→ Your assignment:
Reply with one number only: the count of lines below that contain the word "Street".
START Information
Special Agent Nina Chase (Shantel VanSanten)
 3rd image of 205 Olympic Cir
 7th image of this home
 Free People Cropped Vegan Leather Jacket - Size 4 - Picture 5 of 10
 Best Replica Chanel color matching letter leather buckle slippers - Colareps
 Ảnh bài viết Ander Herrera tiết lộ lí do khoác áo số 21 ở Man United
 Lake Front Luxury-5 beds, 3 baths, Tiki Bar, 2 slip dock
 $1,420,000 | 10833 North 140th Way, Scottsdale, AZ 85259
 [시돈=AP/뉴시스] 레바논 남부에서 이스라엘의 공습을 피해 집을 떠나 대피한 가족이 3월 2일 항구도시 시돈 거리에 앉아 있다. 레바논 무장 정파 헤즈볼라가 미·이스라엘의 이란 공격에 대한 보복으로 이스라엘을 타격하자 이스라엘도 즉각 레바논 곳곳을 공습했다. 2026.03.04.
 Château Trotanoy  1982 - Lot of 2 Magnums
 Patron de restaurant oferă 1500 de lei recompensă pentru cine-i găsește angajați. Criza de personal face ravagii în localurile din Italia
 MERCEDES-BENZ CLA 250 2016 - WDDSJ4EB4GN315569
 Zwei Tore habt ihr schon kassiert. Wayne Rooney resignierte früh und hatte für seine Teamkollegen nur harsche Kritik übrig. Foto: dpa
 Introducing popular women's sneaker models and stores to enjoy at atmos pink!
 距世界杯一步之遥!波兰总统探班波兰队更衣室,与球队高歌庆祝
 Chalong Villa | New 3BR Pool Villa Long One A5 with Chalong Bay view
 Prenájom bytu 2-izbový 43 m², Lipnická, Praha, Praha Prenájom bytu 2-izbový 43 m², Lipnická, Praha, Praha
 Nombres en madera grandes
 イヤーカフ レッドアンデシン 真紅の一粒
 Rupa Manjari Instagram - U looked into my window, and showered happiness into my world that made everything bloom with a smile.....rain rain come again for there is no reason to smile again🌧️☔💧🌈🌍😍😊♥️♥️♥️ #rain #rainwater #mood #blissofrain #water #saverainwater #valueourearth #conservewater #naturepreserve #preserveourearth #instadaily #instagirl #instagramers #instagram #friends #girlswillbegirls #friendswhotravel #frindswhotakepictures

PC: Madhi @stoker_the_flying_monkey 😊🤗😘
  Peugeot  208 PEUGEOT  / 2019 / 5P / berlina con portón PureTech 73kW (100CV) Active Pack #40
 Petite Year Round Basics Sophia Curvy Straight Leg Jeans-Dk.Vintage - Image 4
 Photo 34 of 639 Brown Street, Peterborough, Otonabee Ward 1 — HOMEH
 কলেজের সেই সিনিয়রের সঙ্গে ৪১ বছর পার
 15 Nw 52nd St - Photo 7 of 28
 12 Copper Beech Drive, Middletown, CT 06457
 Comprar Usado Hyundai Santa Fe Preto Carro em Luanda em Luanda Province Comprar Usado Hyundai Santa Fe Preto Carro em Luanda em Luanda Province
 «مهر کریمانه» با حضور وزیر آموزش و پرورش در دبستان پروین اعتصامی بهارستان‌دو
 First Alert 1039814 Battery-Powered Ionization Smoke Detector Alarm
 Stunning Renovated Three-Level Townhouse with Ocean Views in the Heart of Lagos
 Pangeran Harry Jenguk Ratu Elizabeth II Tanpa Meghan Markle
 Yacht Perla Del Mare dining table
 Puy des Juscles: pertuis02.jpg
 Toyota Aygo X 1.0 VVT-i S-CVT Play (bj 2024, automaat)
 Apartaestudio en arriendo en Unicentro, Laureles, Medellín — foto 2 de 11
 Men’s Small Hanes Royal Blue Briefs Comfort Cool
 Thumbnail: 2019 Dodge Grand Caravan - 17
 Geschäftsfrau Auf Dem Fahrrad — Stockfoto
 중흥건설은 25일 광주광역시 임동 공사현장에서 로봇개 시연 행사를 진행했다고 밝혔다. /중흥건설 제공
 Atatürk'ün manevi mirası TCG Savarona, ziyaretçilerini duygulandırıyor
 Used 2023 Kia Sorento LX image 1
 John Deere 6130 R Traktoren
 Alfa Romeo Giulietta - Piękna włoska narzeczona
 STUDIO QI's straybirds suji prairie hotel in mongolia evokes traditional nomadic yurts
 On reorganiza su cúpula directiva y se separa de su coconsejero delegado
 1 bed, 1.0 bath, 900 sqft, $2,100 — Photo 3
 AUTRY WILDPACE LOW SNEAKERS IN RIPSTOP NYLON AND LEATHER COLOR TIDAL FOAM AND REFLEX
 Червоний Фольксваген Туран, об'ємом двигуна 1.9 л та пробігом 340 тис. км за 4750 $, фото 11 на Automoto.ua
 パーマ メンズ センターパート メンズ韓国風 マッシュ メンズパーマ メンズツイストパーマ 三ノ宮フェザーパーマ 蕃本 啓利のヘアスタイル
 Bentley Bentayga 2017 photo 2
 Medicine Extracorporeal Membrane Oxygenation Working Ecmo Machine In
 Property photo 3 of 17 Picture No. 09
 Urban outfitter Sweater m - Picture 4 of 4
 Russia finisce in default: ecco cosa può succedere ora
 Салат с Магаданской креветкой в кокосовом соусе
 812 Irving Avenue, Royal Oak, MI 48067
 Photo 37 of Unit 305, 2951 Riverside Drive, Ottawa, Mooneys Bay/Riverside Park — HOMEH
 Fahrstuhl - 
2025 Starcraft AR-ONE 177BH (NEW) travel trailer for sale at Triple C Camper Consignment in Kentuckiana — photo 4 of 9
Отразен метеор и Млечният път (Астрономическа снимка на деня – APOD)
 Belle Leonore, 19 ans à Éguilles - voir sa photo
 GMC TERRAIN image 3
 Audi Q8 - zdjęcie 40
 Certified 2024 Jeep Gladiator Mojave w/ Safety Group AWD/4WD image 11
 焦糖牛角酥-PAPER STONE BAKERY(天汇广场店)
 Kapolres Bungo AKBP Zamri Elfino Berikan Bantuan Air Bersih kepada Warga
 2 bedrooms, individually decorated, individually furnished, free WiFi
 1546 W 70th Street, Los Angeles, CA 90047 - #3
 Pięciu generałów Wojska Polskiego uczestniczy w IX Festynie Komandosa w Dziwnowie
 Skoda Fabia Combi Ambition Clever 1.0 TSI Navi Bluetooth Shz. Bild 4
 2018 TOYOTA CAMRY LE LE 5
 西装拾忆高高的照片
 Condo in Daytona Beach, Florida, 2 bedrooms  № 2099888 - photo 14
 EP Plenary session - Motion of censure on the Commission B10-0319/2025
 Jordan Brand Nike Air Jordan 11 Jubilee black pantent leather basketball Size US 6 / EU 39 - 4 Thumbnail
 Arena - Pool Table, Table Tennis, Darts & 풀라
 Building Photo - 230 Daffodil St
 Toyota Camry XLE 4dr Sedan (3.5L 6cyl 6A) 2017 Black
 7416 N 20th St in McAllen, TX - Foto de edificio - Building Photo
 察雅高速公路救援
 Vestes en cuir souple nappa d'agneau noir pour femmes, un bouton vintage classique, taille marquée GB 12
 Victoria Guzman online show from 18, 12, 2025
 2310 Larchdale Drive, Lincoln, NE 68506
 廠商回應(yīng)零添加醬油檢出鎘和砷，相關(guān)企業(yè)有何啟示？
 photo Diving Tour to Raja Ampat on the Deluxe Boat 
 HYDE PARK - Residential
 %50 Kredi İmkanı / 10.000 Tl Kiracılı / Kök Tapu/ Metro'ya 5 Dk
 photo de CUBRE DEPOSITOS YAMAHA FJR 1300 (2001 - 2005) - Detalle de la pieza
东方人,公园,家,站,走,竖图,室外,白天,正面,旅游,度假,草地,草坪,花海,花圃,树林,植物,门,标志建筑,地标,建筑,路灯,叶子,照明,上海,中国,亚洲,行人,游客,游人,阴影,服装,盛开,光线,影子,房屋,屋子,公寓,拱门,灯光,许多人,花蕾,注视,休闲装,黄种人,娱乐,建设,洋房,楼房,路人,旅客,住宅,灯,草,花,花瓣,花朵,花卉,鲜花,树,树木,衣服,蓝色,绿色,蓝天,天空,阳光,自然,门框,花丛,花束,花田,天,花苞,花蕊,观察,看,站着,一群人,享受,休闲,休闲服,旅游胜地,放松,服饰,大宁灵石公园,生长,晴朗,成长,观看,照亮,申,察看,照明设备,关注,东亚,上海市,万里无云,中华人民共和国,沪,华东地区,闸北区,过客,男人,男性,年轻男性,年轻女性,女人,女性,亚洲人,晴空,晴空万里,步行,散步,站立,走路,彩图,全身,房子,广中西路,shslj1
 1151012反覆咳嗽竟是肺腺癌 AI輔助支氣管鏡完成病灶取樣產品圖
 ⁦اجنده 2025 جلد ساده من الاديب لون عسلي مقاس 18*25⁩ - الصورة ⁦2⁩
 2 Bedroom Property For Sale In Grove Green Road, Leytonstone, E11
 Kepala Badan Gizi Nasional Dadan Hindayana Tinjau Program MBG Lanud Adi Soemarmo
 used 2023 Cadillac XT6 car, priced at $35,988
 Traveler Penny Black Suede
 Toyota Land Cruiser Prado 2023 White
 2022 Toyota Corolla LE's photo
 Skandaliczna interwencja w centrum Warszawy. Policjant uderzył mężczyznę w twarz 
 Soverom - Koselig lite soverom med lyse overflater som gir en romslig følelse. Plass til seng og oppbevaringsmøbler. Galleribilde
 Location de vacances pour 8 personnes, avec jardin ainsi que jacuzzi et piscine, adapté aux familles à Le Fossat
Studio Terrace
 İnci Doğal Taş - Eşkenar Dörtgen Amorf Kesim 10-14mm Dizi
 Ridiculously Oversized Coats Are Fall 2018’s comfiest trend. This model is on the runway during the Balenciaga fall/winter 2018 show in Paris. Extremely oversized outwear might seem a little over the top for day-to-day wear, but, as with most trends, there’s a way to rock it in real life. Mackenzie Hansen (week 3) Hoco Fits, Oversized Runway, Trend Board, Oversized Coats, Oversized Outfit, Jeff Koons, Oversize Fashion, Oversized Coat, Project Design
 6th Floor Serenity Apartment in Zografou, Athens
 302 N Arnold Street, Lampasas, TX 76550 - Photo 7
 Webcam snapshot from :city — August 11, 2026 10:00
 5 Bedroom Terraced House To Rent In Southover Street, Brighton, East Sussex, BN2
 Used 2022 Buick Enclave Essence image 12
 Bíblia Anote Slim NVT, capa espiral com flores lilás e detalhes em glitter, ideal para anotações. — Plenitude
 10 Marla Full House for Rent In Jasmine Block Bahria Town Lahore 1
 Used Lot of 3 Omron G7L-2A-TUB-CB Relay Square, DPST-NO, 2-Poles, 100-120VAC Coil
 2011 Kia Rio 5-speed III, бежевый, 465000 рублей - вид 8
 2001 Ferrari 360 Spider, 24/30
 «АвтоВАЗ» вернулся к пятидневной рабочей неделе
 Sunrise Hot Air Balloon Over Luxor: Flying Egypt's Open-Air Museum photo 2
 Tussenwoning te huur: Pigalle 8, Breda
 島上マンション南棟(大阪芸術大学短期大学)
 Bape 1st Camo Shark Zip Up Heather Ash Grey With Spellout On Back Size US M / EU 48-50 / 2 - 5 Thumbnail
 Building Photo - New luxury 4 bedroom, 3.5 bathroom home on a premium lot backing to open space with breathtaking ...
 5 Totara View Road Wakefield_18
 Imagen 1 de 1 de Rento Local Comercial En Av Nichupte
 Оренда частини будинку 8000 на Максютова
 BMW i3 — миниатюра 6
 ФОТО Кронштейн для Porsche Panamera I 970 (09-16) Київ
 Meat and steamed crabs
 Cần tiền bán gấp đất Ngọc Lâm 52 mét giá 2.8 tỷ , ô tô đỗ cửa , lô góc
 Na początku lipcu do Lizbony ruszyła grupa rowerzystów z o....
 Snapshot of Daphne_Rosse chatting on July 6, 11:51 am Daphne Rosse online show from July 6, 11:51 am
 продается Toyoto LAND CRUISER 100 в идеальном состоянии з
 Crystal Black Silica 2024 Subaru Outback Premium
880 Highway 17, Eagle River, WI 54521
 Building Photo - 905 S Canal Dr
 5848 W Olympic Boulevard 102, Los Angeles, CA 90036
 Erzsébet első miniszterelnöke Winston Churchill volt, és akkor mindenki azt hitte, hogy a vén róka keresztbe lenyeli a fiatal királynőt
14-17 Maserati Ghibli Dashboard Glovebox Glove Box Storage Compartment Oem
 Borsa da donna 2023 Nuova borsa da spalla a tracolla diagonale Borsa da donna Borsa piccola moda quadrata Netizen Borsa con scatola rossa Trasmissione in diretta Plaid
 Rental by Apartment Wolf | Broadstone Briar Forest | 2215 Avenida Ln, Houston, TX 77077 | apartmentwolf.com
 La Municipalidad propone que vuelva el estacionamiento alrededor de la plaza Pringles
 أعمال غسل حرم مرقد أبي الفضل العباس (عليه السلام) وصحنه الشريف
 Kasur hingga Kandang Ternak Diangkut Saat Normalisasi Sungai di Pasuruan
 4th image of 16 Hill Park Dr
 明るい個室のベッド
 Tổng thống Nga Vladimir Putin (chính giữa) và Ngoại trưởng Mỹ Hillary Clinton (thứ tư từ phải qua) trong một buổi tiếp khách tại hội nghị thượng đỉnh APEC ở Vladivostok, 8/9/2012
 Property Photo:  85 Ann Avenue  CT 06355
END Information
→ Written reply:
4